I went back to my setup, placed the Esprit on the mount and then set about getting focus with Ezcap, the software that comes with the ZWO camera. I do find the software very straight forwards and does what it says on the tin as it were. I then slewed to one of the open clusters I wanted to image and realised it resided in the North and that the twilight was still very much apparent so not suitable for imaging. Instead I settled for M51 high up as to the West was the Moon.
It is a lovely image at 5 minutes, I could see instantly at least 4 other galaxies and the colour of the main Messier galaxy was very pleasing. I look forward to processing the resulting subs. I set the timer for 1 hour (12x300secs) and went back off for veggie soup, cheese rolls, brownies and coffee that GG had kindly brought along.

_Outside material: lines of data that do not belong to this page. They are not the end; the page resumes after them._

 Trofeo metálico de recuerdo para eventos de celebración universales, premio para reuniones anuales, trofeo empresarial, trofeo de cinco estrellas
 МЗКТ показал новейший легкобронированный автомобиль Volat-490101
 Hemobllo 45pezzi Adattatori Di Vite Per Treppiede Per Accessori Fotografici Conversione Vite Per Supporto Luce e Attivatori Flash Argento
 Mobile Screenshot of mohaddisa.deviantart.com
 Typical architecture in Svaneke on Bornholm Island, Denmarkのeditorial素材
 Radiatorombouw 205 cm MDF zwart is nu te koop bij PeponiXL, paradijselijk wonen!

GG at this point was having issues focusing for his 5 minutes shot of the Pelican in Ha, he had made some other changes to the software before heading up the hill too which was confounding him. After some more time he finally had focus and started to image. However whilst a few of the images were okay, the resulting imbalance and gusts of wind made it difficult to keep pin sharp images. It should also be notes at this point that GG and I were running from the same car battery, although GG was only running the camera from it, the mount was running from his Lithium battery.
At just before 1am the inverter connected to the spare car battery turned off due to loading and power. Everything stopped for both of us ??? however GGs mount kept running due to the Lithium battery. I closed down my setup and allowed GG to reset his camera and reconnect, he then went on to start imaging, however the resulting image had moved significantly and GG decided to give up. So we spend the next 40 minutes packing up. Whilst this was going on we looked at Saturn and Jupiter through the binoculars which was a wonderful sight. Now for the 50 minute drive home to unload the car just before dawn, although by 2am it was clearly getting lighter.
The SQM for the site last night was 20.91 although the Moon was very bright. The site is also very dusty, and my laptop was covered in the morning. Another incident was that I inadvertently unscrewed the cover from the guider as I transferred from one scope to another and the glass cover fell out, I now have dust and dirt on the sensor to clean. It is not a great design by ZWO for the ASI290MC as it really needs a locking grub screw to top that happening or a reverse thread.
GGs image has set us on a little project to image the HH 555 bipolar jet at the end of the major turn of gas in the Pelican Nebula. We will attempt over the next few nights to get an image from both the Esprit 120 ED Pro from the IMT3 dome in Ha and also from the OS 12″ to see what it looks like compared to the Tak FSQ85. Another good social distancing astronomy session ? goodnight.